Assignment:
Beginning with the line that has "Audio Sonido Onda" and ending with the line that has "Boto Sneakersy Damskie*Sneakersy", retype the entries below exactly, except for the pictures.

BEGIN The data

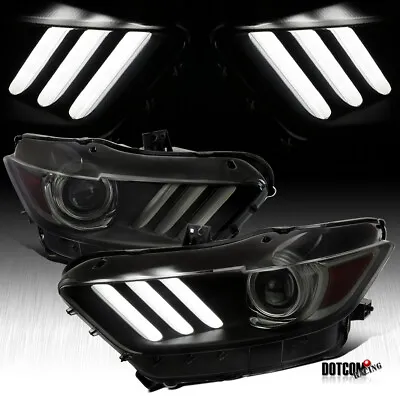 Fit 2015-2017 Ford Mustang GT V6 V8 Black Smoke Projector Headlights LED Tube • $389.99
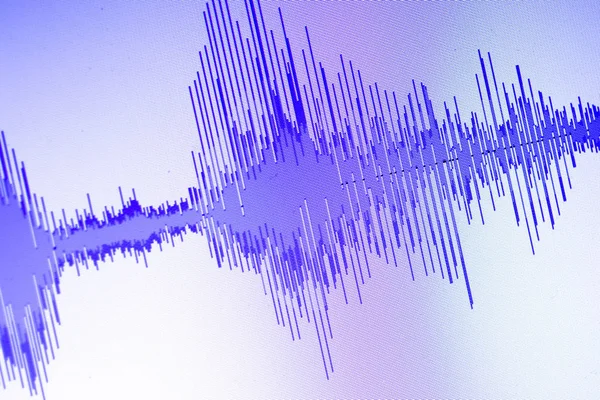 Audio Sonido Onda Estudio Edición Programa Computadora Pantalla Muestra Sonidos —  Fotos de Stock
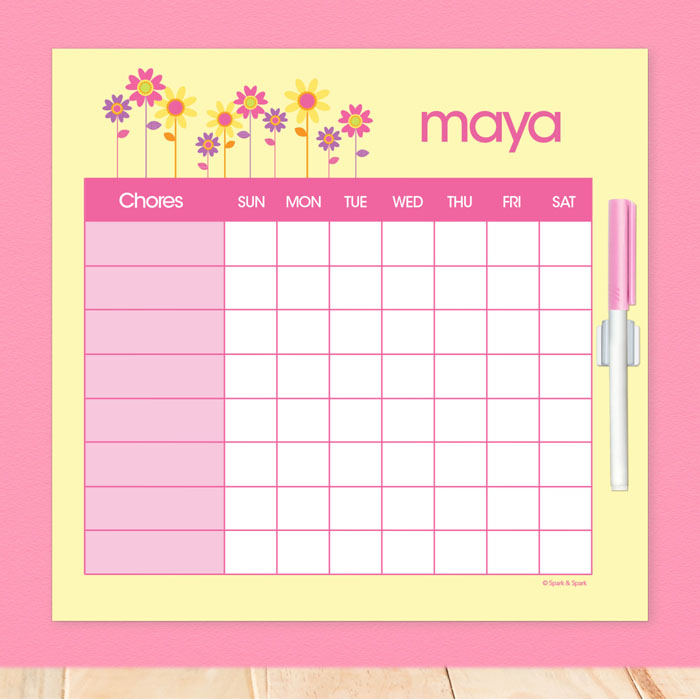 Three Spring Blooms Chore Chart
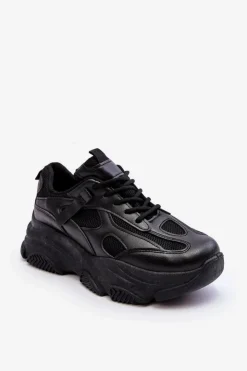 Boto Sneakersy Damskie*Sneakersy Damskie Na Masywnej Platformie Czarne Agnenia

END The data
BEGIN The data

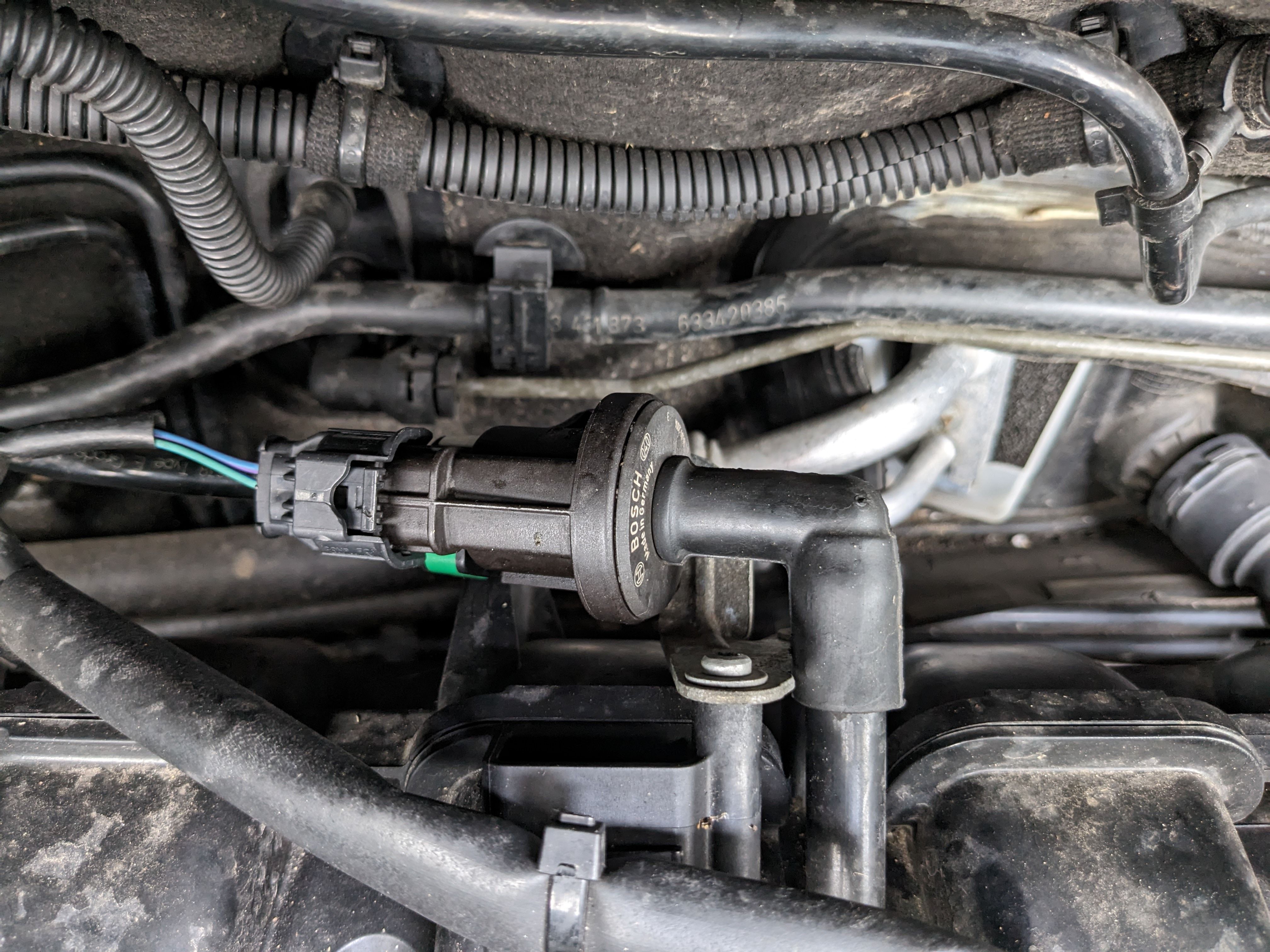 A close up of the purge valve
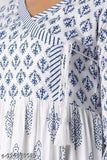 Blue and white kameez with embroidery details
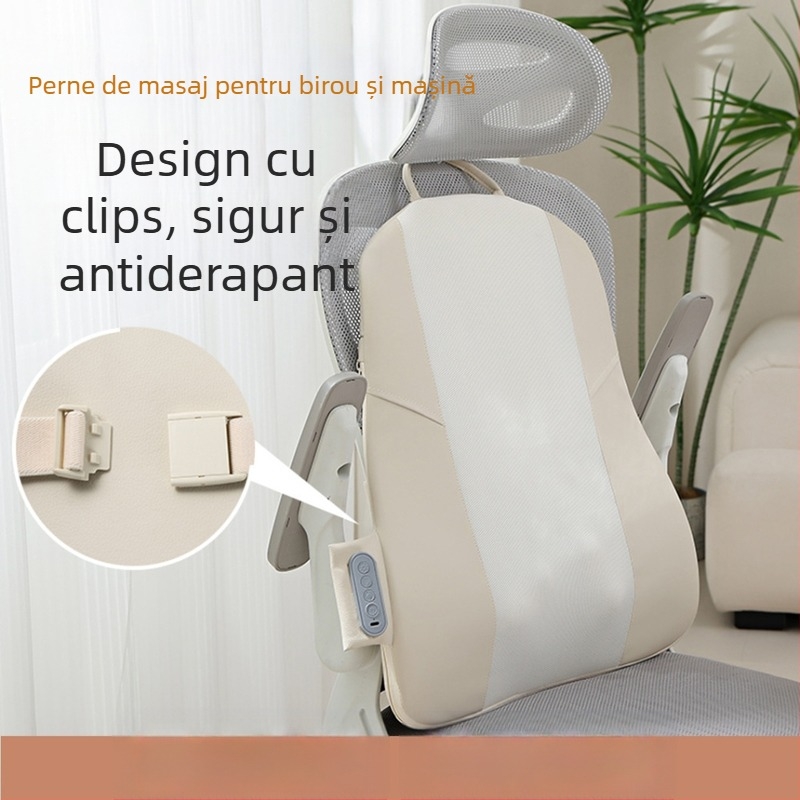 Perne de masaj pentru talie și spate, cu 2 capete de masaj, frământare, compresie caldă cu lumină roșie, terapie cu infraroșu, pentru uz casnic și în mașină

END The data
BEGIN The data

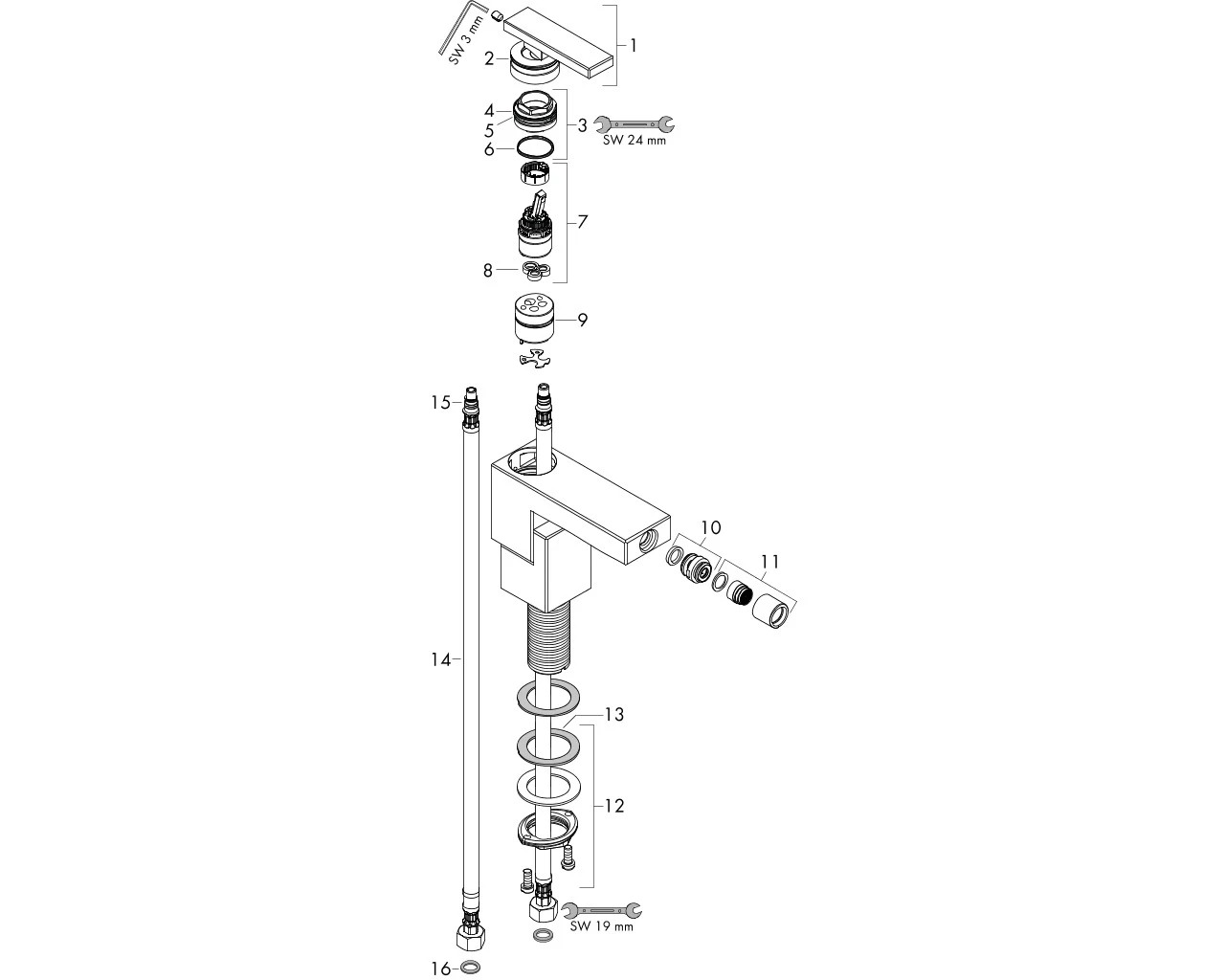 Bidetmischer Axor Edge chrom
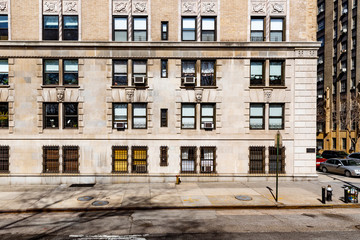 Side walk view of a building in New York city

END The data

Task output:
 Audio Sonido Onda Estudio Edición Programa Computadora Pantalla Muestra Sonidos —  Fotos de Stock
 Three Spring Blooms Chore Chart
 Boto Sneakersy Damskie*Sneakersy Damskie Na Masywnej Platformie Czarne Agnenia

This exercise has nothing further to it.